JERUSALEM, June 28 (Reuters) – Israel's defence minister condemned rampages by groups of Jewish settlers in Palestinian towns and villages in recent days as his top general warned that officers could not stand by and allow attacks which have drawn strong U.S. censure.
A spiral of vandalism and arson was sparked by a Hamas gun ambush last week near a settlement that killed four Israelis. The rioters came from settlements, have numbered in the hundreds and included masked and armed men, Palestinian witnesses said.
Palestinian officials have accused Israel's military, which is widely deployed in the West Bank, of ignoring or even abetting the rampages. Of around a dozen suspected rioters detained, at least two are off-duty soldiers, the military said.
With U.S. dual-nationals among the Palestinian victims, Washington – already at loggerheads with Israel over settlement construction – has stepped up condemnation of what it had called "extremist settler violence" and said it expects accountability.
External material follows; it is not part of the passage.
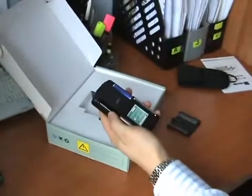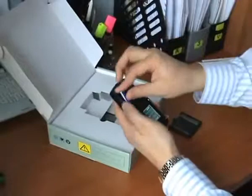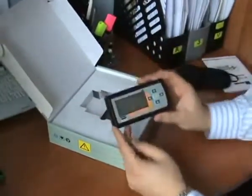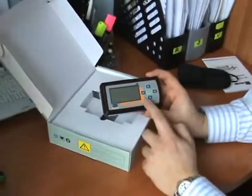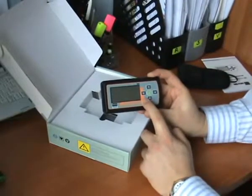First of all, you have to input new batteries. Now everything is OK and ready to be used.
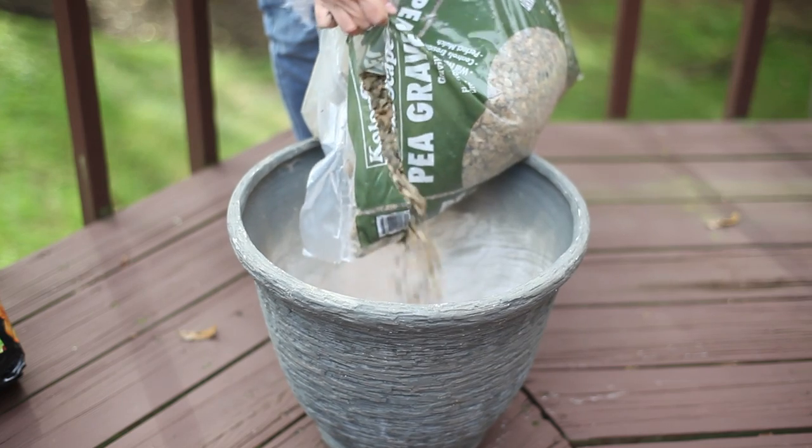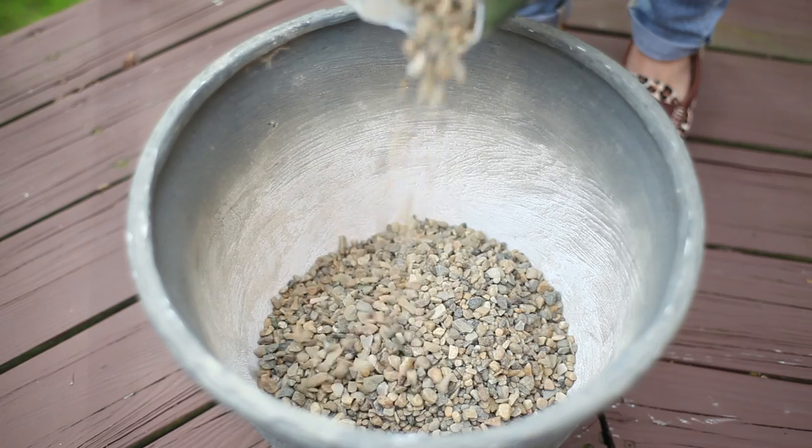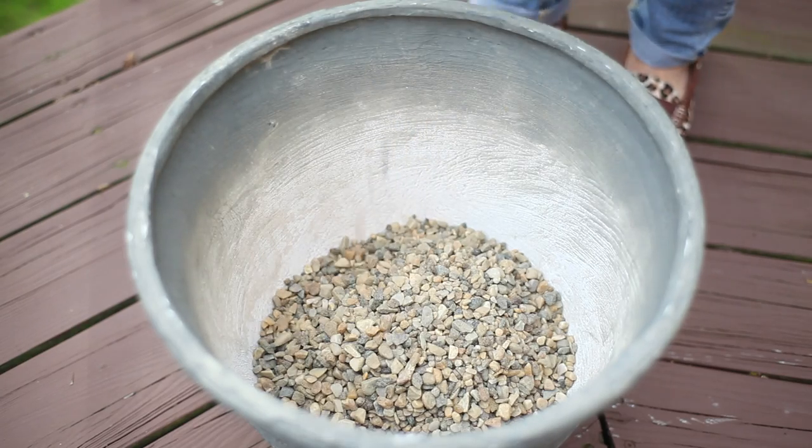The first thing you want to do is figure out if the container has a hole already for drainage. If it doesn't, you can go ahead and drill a hole in the bottom, or if you prefer, you can add a layer of gravel. Either way, the point is to keep the water from waterlogging the plants and rotting them out. If there's not adequate drainage, your plants are not going to survive.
Briefing Israel's parliament, Defence Minister Yoav Gallant deplored the rampages as "a dangerous social phenomenon that we must fight". He described the perpetrators as a "tiny group" made up of fringe settlers and their supporters from inside Israel.
While he noted that suspects were in custody and said West Bank troops had been reinforced as a precaution, Gallant also said Israeli forces would be challenged to "divide their attention" between the riots and Palestinian militant threats.
"There are 500 Palestinian villages, some of them as large as towns. There are tens of thousands of people (Palestinian residents). You can't protect all of them at once," he said.
Interdiction of fellow Israelis was hard "because you're not using surveillance or the implementation of violent (military) operations against them," he added.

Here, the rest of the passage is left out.